Später dehnten sich die nachrichtendienstlichen Ermittlungen auch auf die damaligen Redaktionsmitglieder einer Studentenbeilage aus, die zusammen mit der „Neuen Banater Zeitung" vertrieben wurde.
Unter den Mitarbeitern dieser Studentenbeilage taucht auch zum ersten Mal „Voicu" auf, allerdings mit seinem Klarnamen.
Ursprünglich sollte alles mit einem Strafverfahren enden. Dazu kam es jedoch nicht. Im Rahmen einer nach stalinistischem Vorbild organisierten öffentlichen Entlarvungssitzung wurde ich aus dem kommunistischen Jugendverband ausgeschlossen. Während der vorangegangenen Verhöre wurde ich fotografiert, denn in einer Militärzeitung sollte als abschreckendes Beispiel eine Reportage über meinen Fall erscheinen.
Meines Wissens hat man letztlich auf eine publizistische Darstellung des Vorgangs verzichtet.
Der Fotograf des Regiments war ein Soldat, mit dem ich befreundet war.
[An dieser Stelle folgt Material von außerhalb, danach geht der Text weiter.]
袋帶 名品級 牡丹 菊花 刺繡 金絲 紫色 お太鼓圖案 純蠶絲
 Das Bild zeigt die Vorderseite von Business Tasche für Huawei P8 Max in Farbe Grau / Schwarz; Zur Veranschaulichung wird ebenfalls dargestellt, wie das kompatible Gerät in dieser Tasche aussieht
Er steckte mir damals zwei Fotos zu, die er entwickelt und ausgearbeitet hatte und die für das Blatt bestimmt waren. Auf diese Weise kam ich zu dem Foto, das in meinen oben erwähnten Büchern veröffentlicht ist. Darauf bin ich an einem Schreibtisch sitzend, zusammen mit dem Offizier zu sehen, der mich damals verhörte.